One refrain I always go to when judging a really strange film is "I'd rather see something interesting not come together than see something boring done without interest." Another Earth is always on the brink of doing something really special. This low-budget (estimated to be well under $150k) sci-fi/drama about a young woman finding the man whose family she ruined in a car crash the night the world discovered a second earth is fascinating. It's everything and nothing you would expect it to be. With a title like Another Earth, you would expect the film to focus on the sci-fi. It doesn't. It focuses on the psychological ramifications of finality and death for life and knowledge.
Starring writer Brit Marling and directed by co-writer Mike Cahill, Another Earth refuses to provide any easy answers to the audience. The deadly car crash that launches the film as well as the sudden appearance of a second Earth is never explained. Like low-budget genre classic Night of the Living Dead, you never find out the why behind anything. There are hints of dialogue and news reports that point out possible reasons but never enough to fully grasp the reality. The important subject is immediacy and the two lead characters fight against the passage of time at every step.
Brit Marling's Rhoda is a young woman who made a big mistake. She got as a teenager, got behind the wheel, and smashed her car into another. She served enough jail time after the trial to bring us four years into the future.
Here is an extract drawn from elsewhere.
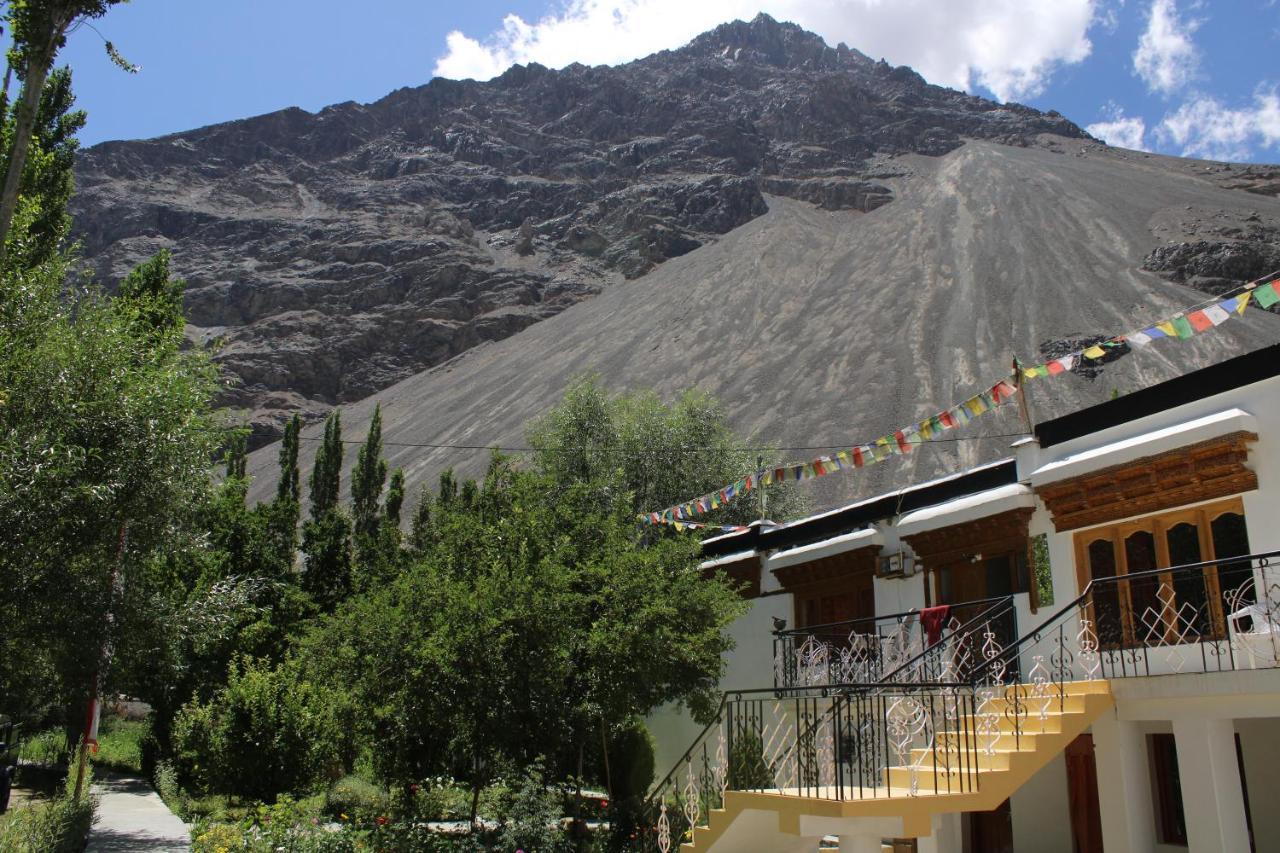 Sernang Homestay Hundar ภายนอก รูปภาพ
For Rhoda, there is no future, only the past she destroyed with a stupid decision. She refuses to sleep in her childhood bedroom, making her own cell in the attic. She doesn't want to think, only clean things up for other people, and even goes so far as to force herself into the life of her surviving victim.
That victim is John, played by William Mapother. Once a professor of music at Yale University, he is now a depressed and anxious man with memory loss issues. His wife and child were killed in the accident and he was sent into a coma that kept him out of commission for the entire trial. He doesn't want to think about the present, only the lack of resolution for his old life that he can barely remember.
The omnipresent image of a second Earth slowly emerging for the sky works effectively as a metaphor for the growing relationship between Rhoda and John. As John starts to develop a life, Rhoda dreams of winning an essay contest to send her on the maiden voyage to Earth II. He wants to grow and she wants to escape but neither can run from the past until they've reached some kind of closure with the accident neither will face.
Marling and Cahill's screenplay suffers from a myopic view of the whole scenario. We occasionally see Rhoda interact with other people--a fellow janitor at the high school, an old high school friend, her parents and brother--but the vast majority of the film is trapped in her head. Even when dealing with John, it's undoubtedly Rhoda's story. However, Rhoda is so static as a character because of the thematic conceit of the film that she needed to spend more time away from her victim to show the real impact four years of isolation has had on her life. The film fails to offer enough range to let some really great ideas breathe onscreen.
Cleanly shot on digital stock, Cahill manages to build up a great deal of momentum and life with this very narrow perspective. At some point, you know from very early on in the film what has to happen, but like Earth II, it remains beyond the reach of the audience. The reward for sticking through the film is a very thoughtful sequence of intense scenes in the final act of the film.
Another Earth is sure to please the science fiction fan looking for something quieter and the drama fan looking for something a little bit different. This is certainly one of the more novel low-budget films to get mainstream distribution in quite some time. There is a good reason for this. Even in its flaws, it's hard to turn away from the slowly but persistently growing narrative of Another Earth.